As parents, it is easy when our kids are sharing their feelings, which evoke our own feelings, to minimize rather than validate their emotional experience. For example, your eleven-year old comes home from school and tells you that no one picked him for the football team at recess. He tells you that he thinks no one picked him because he is a slow runner and dropped a catch the day before at recess. He also thinks that the other guys may not like him and a tear rolls down his cheek. When I hear a child tell me a story like that I feel so sad in that moment and it is an emotional experience that is hard to tolerate. A typical reaction is to say, “Well, I am sure that your friends like you and tomorrow you will play better football.”

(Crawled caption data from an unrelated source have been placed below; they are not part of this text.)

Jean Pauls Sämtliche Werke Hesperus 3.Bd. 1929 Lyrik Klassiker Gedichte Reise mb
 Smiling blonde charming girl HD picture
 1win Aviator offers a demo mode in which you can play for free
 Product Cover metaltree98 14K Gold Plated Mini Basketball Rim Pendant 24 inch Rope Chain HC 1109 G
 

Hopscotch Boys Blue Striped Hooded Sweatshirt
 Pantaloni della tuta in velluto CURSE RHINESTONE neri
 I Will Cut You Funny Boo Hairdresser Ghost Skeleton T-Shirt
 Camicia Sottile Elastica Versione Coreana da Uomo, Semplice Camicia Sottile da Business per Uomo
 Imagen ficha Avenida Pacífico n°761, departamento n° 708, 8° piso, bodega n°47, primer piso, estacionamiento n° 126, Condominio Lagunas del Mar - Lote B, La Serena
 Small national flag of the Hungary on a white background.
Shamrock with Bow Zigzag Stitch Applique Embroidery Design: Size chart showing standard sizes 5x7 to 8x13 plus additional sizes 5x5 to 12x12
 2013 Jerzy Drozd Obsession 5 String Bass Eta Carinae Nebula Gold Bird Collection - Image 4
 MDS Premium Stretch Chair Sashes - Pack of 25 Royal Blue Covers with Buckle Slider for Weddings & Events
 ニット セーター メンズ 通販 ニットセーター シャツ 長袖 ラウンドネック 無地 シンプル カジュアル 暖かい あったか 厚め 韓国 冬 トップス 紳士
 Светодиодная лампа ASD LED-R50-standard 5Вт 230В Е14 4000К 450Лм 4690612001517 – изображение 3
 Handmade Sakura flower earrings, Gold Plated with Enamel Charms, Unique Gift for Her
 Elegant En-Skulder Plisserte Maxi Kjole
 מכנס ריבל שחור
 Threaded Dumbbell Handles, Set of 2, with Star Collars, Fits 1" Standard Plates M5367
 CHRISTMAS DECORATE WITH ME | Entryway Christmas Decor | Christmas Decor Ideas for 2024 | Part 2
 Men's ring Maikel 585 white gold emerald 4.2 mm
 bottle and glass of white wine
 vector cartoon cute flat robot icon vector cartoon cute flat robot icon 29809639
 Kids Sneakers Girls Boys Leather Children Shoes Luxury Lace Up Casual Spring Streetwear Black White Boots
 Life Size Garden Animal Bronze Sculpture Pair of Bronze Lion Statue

While this statement can seem innocent and even helpful on the surface, it is actually problematic. These types of statements serve to invalidate our kids’ feelings and may actually be more of an attempt to help us feel better (Who wants to hear about their child being rejected? That is painful!). It may also send the message that you need them to be happy no matter the circumstances. A more helpful response might be, “Buddy I am so sorry. You must have felt lonely at school today when you did not get to play football with the rest of the guys.” This type of response validates your child’s emotions and sends several powerful messages. Some of these messages include 1) It is okay to feel sad; 2) It is important to name and acknowledge your feelings; 3) We all have feelings and need to learn how to cope with them; 4) I, as your parent, can manage my own emotions even around your feelings; and 5) We can teach our kids to acknowledge their own emotions- as emotions speak volumes about their values. At the end of “Inside Out”, I think the girl is surprised to find that her parents can actually hear and understand her sadness. Further, the family seems closer and relationships are restored due to her sharing. From a Christian perspective, we see our Lord experience many emotions- anguish, fear, sadness, joy, and pain and he never seems to run from or minimize his emotions or the emotions of others. Instead he seems to view them as a path towards healing and restoration. What a wonderful gift to give our children - the ability to hear their emotions in order to lead them to healing and restoration!